David Ayer, who wrote and directed it, and who also gave us the Oscar winning “Training Day” with Denzell Washington, uses the familiarity of the cop story format as a base to build from and to weave his themes in and out of.

He brings a stunning naturalness to the directing and dialog, much of which feels so real, I can only assume there must have been a certain amount of ad libbing throughout. Ayer uses the conceit of a film within a film to add verisimilitude to the flow: we see incidents from a variety of amateur recorded angles – the in-camera viewpoint of the police cruiser the two principals (Gyllenhall and Michael Pena, who we saw in “Million Dollar Baby” and the under-estimated “Lincoln Lawyer”) ride all night in, a hand-held camera Brian (Gyllenhall) uses for some college project he’s working on, spy cameras probing deep into the Sinaloa Drug cartel, even the dealers themselves are forever filming themselves, creating their own urban legends. This often gives the movie a feel of a home movie and it certainly drags the viewer deeper into a world of what Gyllenhall’s character refers to as all the food groups, “drugs, guns and money” than we’ve ever been. It’s as though Ayer is saying to us, you think you know, through glamorized Hollywood, the real world of what these cops do and the nastiness they’re exposed to everyday? Well, let me show you, babe!

And show us he does.

It’s a world of casual violence, drugged out mothers with their kids duck taped in cupboards, corpses, gun-fights… And yet, despite “the horror, the horror” we see through the eyes of our hero cops (and yes, they are our ‘hero’ cops), much of the stunningly scripted dialog is laugh out loud funny as these two, like an old couple, laugh, love, bicker and heckle each other.

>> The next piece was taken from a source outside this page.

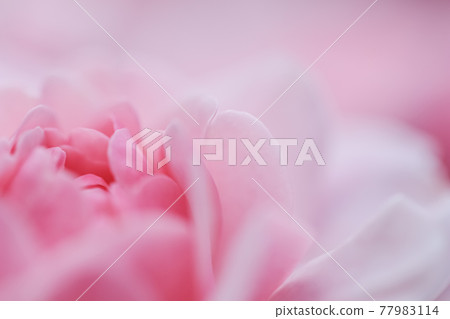 Soft focus, abstract floral background, pink rose flower. Macro flowers backdrop for holiday brand design 77983114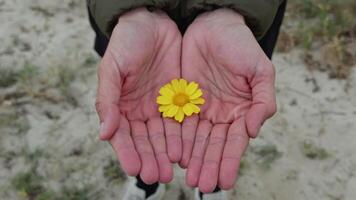 homme en portant une Jaune fleur dans le sien mains video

The story is essentially about the idea of family: about how people bond and the responsibilities of loyalty and love. Pena is a proud – Mexican – dad and a faithful husband to the woman he met at school. Gyllenhall – to all extent Pena’s brother – is in search of a woman he can actually have a conversation with after the sex is over. The woman he meets, is the engaging Anna Kendrick (who was the young ingénue of “Up in the Air”).

As their relationship deepens, and as we see the two heroes both as cops and as real people (at the beginning Gyllenhall – presciently – tells us “we’re real people, we love, we bleed…”), their out of work world of warmth, love, caring and birthdays enfolds us even as the symbolic end of watch approaches with dread and deadly precision precision.